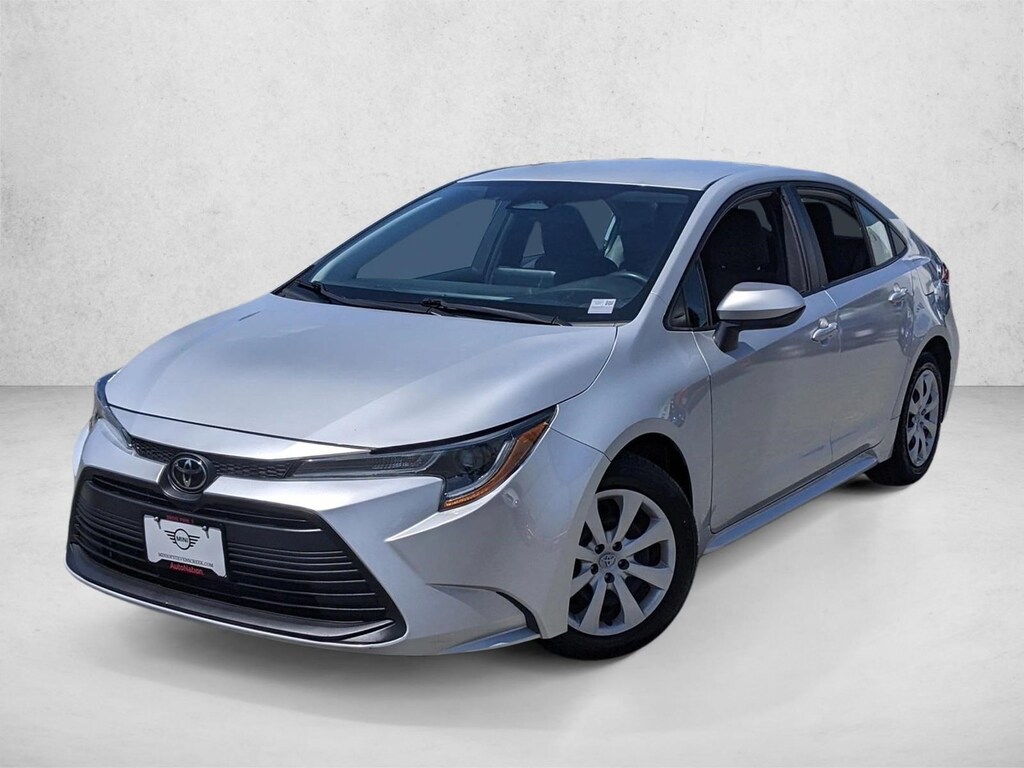 Used 2024 Toyota Corolla LE 4dr Car
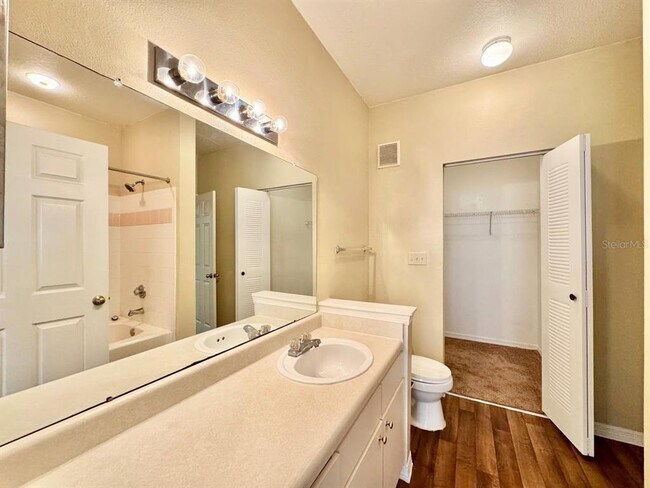 Building Photo - 10440 White Lake Ct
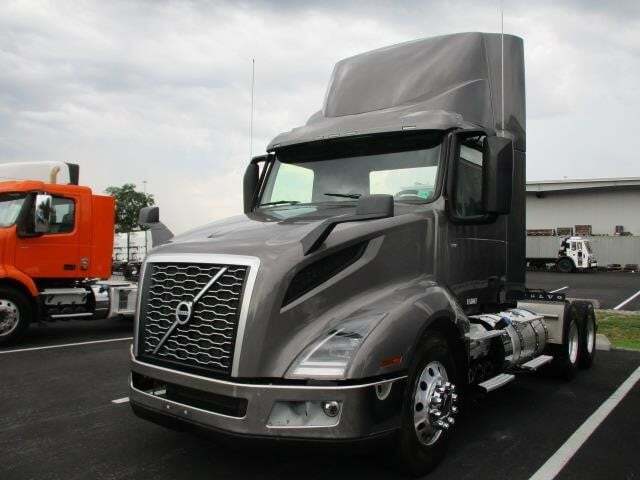 2024 Volvo VNL64T300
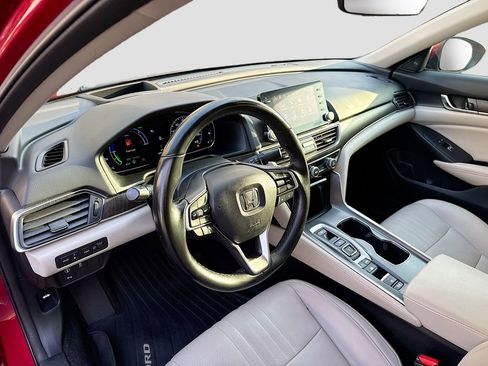 Used 2022 Honda Accord Touring image 7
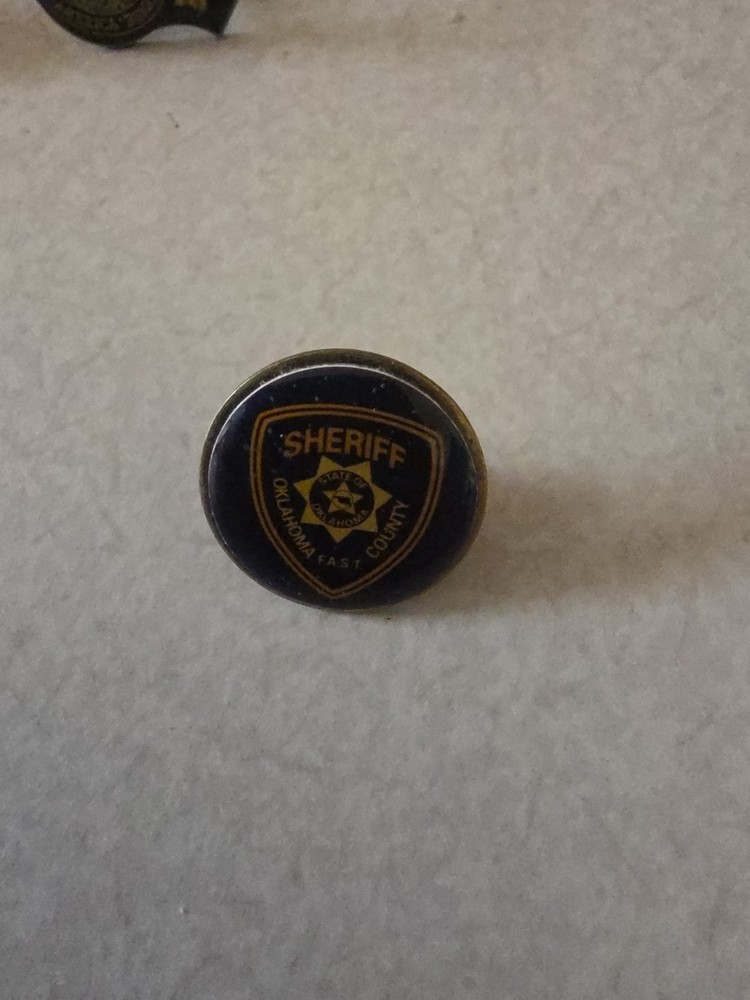 OKLAHOMA COUNTY SHERIFF LAPEL HAT PIN FAST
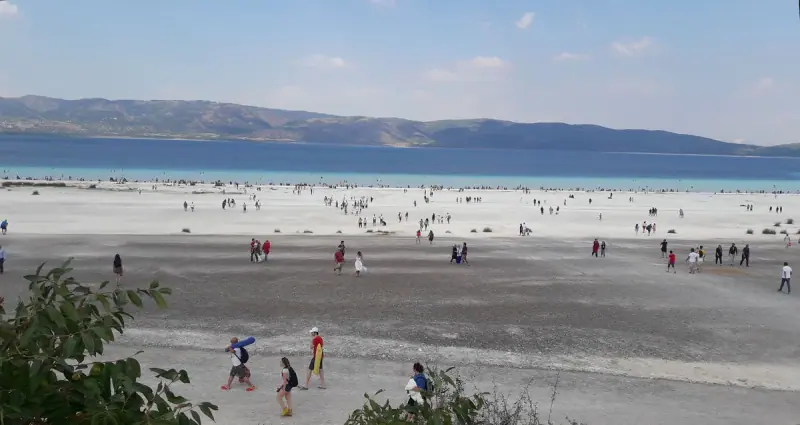 Salda Kayak Merkezi (Eşeler Dağı 2079m - Salda Gölü Manzaralı Pistler)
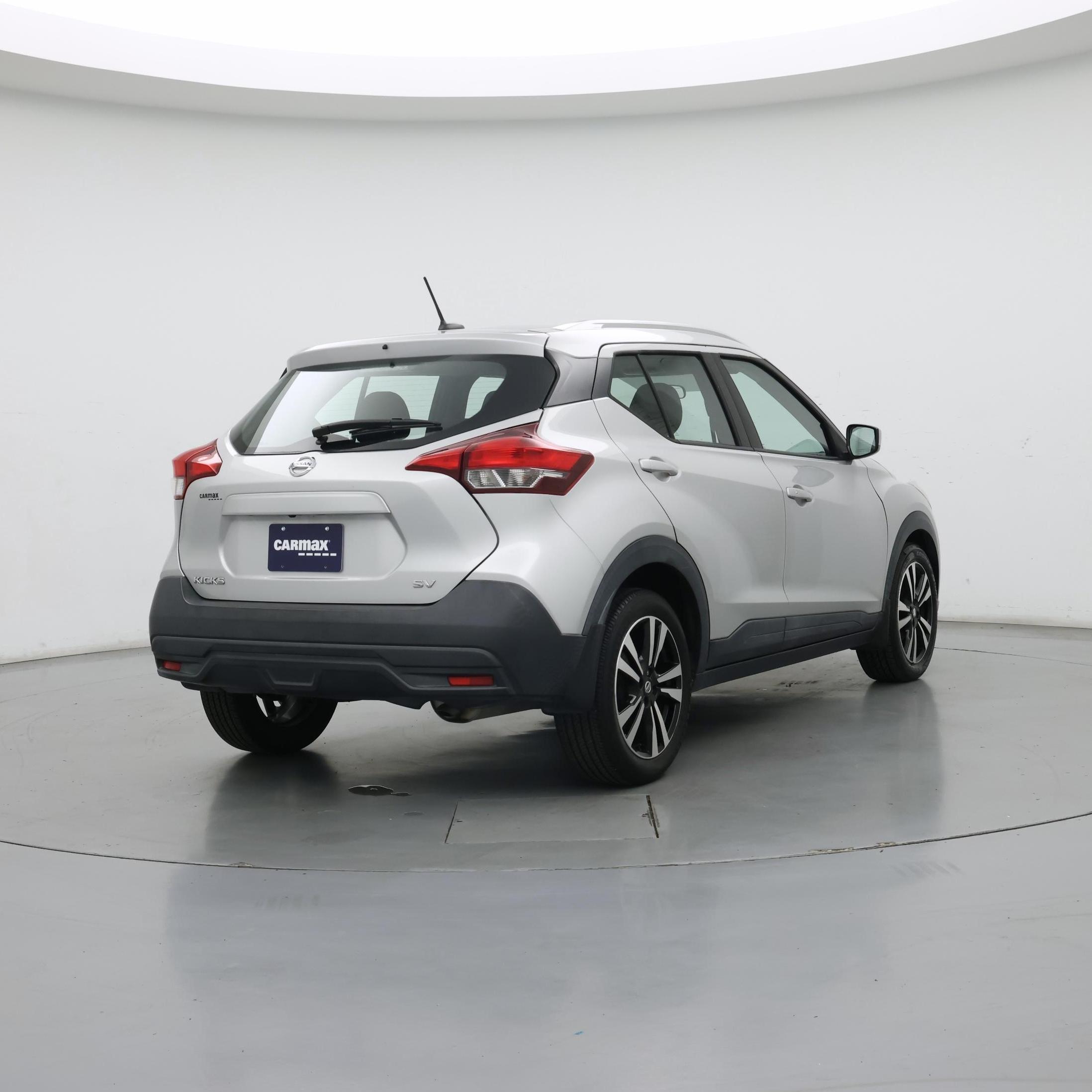 Thumbnail: 2019 Nissan Kicks - 8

YOUR INSTRUCTIONS: Your answer should be an exact copy of the records above, with no pictures in it.

ANSWER BOX:
 Used 2024 Toyota Corolla LE 4dr Car
 Building Photo - 10440 White Lake Ct
 2024 Volvo VNL64T300
 Used 2022 Honda Accord Touring image 7
 OKLAHOMA COUNTY SHERIFF LAPEL HAT PIN FAST
 Salda Kayak Merkezi (Eşeler Dağı 2079m - Salda Gölü Manzaralı Pistler)
 Thumbnail: 2019 Nissan Kicks - 8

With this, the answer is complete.